"Endtyme" is not "Forest Of Equilibrium", it is not "In Memoriam", it is not "The Carnival Bizarre", and it is certainly not "Seventh Coming". You might say: "obviously!". And I continue.
"Endtyme" cannot be compared to any of the previous Cathedral albums, much less to the subsequent one, where the band led by the charismatic Lee Dorrian descended into the most monotonous semi-stoner flatness, in absolute anonymity of ideas.
"Endtyme", in fact, is nothing more than a journey into the past, a rediscovery of the band's tremendously doom roots, which had grown and matured quite a bit since 1991. It has a vaguely melancholic vein, but above all, there is that dark and oppressive atmosphere that best suits their compositions, that pitch blackness generated by the slowness of the distortions, and Dorrian's hoarse voice. Yes, okay, the purely "happy-doom" vein, stylistically invented by the group, remains unchanged, and often it seems like you're listening to riffs taken from some heavy metal band here and there, but what matters, what truly counts, is that at the core of this solid work is nothing but doom, doom, and more doom.
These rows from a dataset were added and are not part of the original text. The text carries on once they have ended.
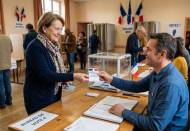 Une électrice remettant sa carte électorale à un assesseur (Crédit : Alex.I)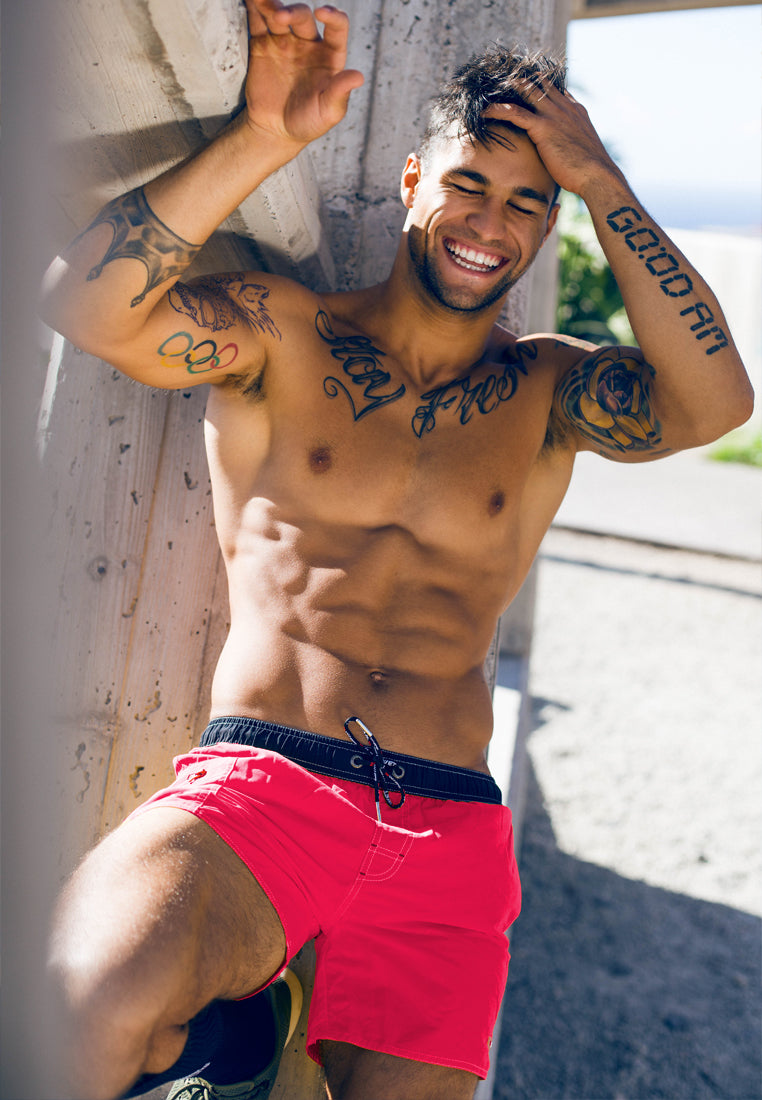 A man with dark hair and several tattoos on his arms and chest is smiling while leaning against a concrete structure. He is shirtless and wearing bright red BWET SWIMWEAR's Ozone Beach Shorts, known for their unbeatable style and functionality. The sun is shining, casting a warm glow on the scene.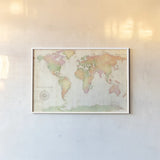 Bright World by Julia Purinton. shown as a paper print in a white frame. Available as a archival giclee rolled canvas, fine art paper, or poster print. SKU 53229i.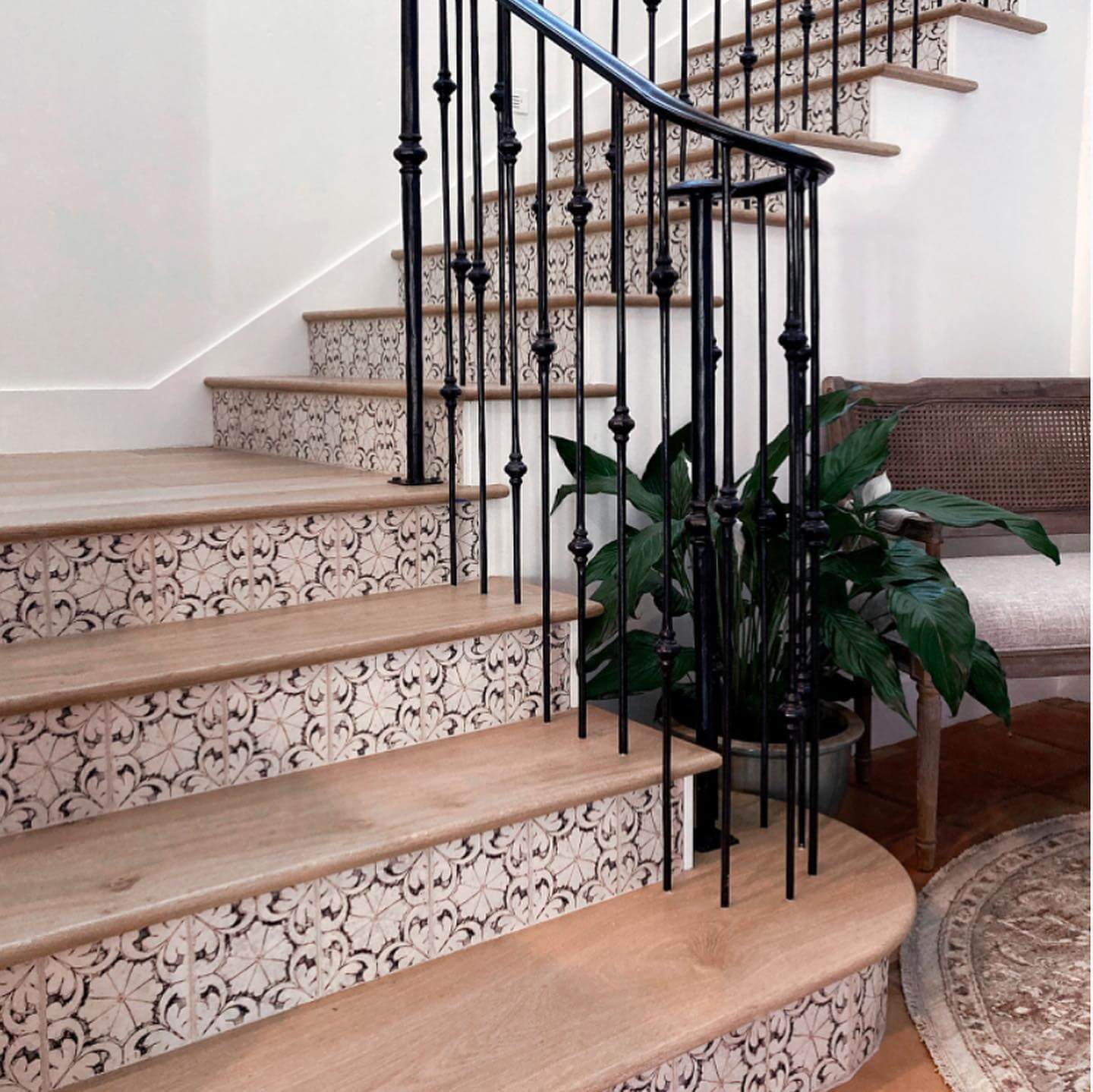 Ornate Patterned Tiles Frame Natural Wood Stair Risers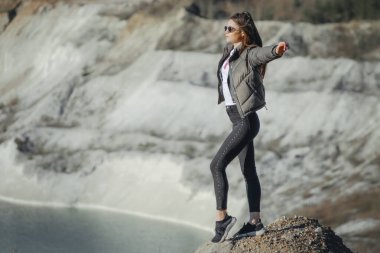 Gölün kıyısında siyah pantolon ve deri ceket giymiş güzel bir genç kız.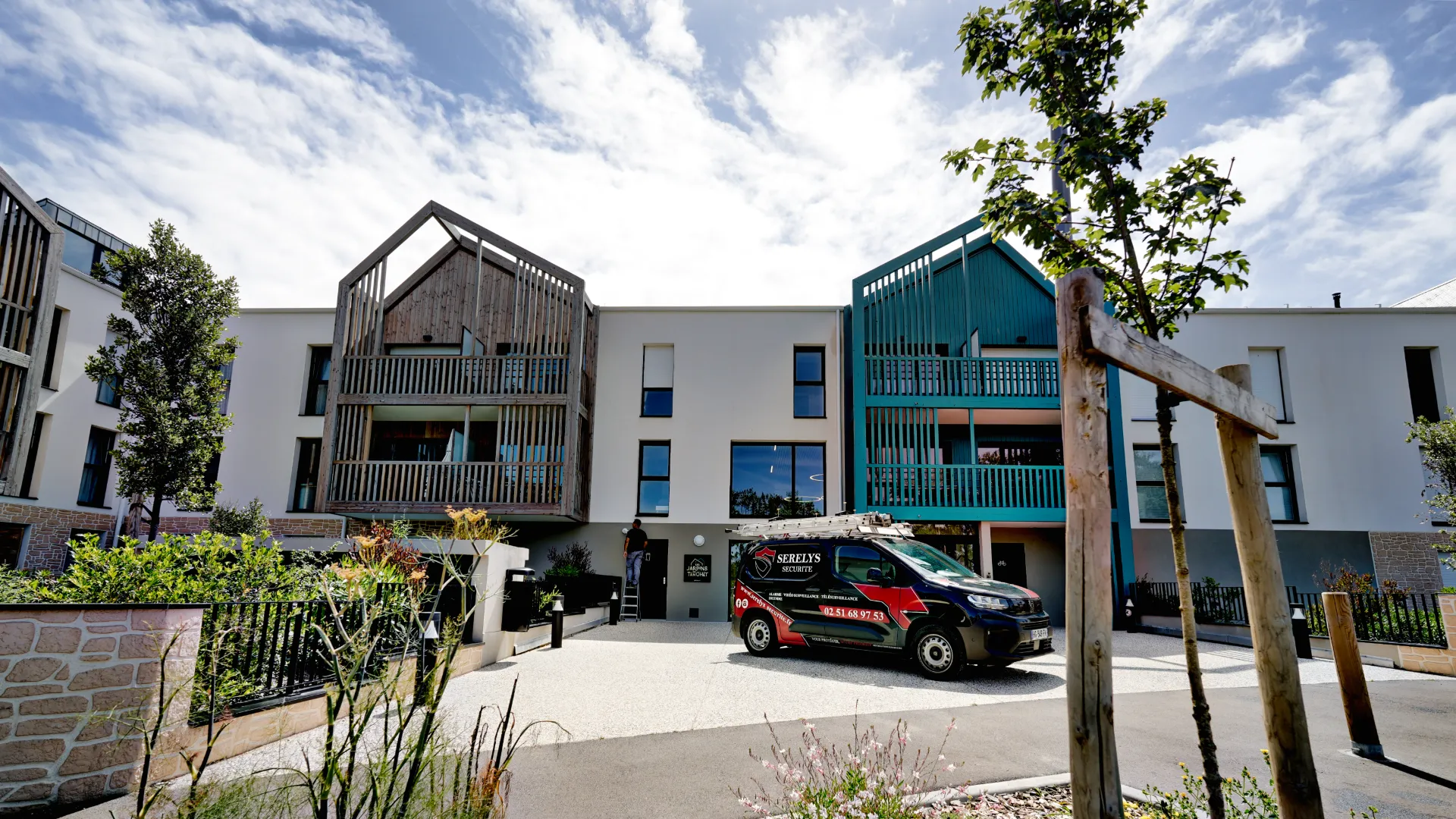 Siège social de SERELYS SÉCURITÉ en Vendée : bâtiment moderne blanc avec bardages turquoise et gris, véhicule de service de vidéosurveillance en cour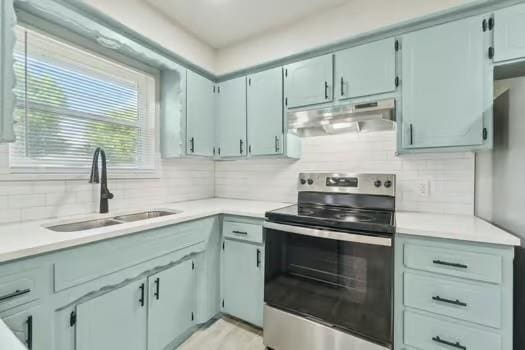 107 Cimarron Ter, Cashion, OK 73016 - kitchen with under cabinet range hood, stainless steel range with electric stovetop, tasteful backsplash, and light countertops
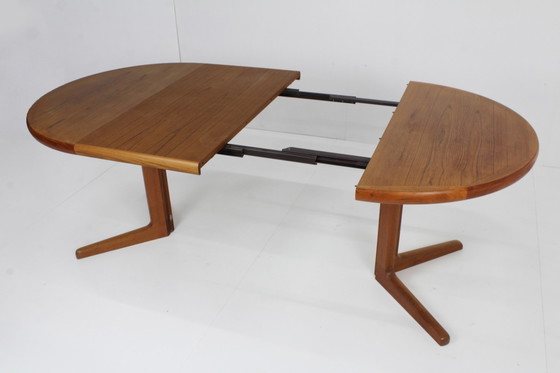 Image 1 of Danish round extendable dining table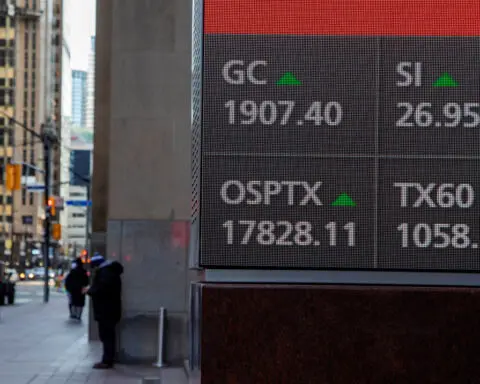 TSX hits record high as Fed chief signs off on rate cuts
The Cathedral reclaim their identity, they delve into the golden pouch for those unforgettable sounds that had made their early works unique, expanding them endlessly with a production as raw as it is clear, throwing in their best melodies and grinding out riff after riff, slow and terribly heavy (listen to "Cathedral Flames", or the following "Melancholy Emperor" to believe it...).
These are the Cathedral of "Endtyme", a band that has resumed its path and apparently intends to maintain its role in the global doom metal scene. Well done.
Songs made of mud and tar, sometimes unbearable in their lugubrious distortions, intense but lacking in liberating moments.
An honest work, primordial yet less avant-garde compared to other works by the group.